The answer should hold exactly the lines of the entries below from the one containing "Leather Round Toe Platform Lace-Up Sneakers Leather" through the last line, both included.

Data provided:
'''
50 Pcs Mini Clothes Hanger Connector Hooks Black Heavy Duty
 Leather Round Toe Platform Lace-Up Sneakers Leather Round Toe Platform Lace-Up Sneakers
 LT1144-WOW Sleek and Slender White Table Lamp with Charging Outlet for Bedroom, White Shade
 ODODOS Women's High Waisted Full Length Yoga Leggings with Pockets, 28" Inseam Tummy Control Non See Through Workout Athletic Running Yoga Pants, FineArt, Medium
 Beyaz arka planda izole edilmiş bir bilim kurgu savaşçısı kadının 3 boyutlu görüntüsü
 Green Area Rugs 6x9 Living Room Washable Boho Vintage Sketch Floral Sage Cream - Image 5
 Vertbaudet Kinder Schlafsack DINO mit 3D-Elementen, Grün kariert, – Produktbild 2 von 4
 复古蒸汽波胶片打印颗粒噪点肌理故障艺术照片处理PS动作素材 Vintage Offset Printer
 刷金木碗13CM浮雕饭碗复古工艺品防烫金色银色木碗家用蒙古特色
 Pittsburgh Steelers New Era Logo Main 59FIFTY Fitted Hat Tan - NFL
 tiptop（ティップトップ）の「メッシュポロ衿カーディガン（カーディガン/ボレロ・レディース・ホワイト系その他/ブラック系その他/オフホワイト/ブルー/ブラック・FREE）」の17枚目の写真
'''
Task result:
 Leather Round Toe Platform Lace-Up Sneakers Leather Round Toe Platform Lace-Up Sneakers
 LT1144-WOW Sleek and Slender White Table Lamp with Charging Outlet for Bedroom, White Shade
 ODODOS Women's High Waisted Full Length Yoga Leggings with Pockets, 28" Inseam Tummy Control Non See Through Workout Athletic Running Yoga Pants, FineArt, Medium
 Beyaz arka planda izole edilmiş bir bilim kurgu savaşçısı kadının 3 boyutlu görüntüsü
 Green Area Rugs 6x9 Living Room Washable Boho Vintage Sketch Floral Sage Cream - Image 5
 Vertbaudet Kinder Schlafsack DINO mit 3D-Elementen, Grün kariert, – Produktbild 2 von 4
 复古蒸汽波胶片打印颗粒噪点肌理故障艺术照片处理PS动作素材 Vintage Offset Printer
 刷金木碗13CM浮雕饭碗复古工艺品防烫金色银色木碗家用蒙古特色
 Pittsburgh Steelers New Era Logo Main 59FIFTY Fitted Hat Tan - NFL
 tiptop（ティップトップ）の「メッシュポロ衿カーディガン（カーディガン/ボレロ・レディース・ホワイト系その他/ブラック系その他/オフホワイト/ブルー/ブラック・FREE）」の17枚目の写真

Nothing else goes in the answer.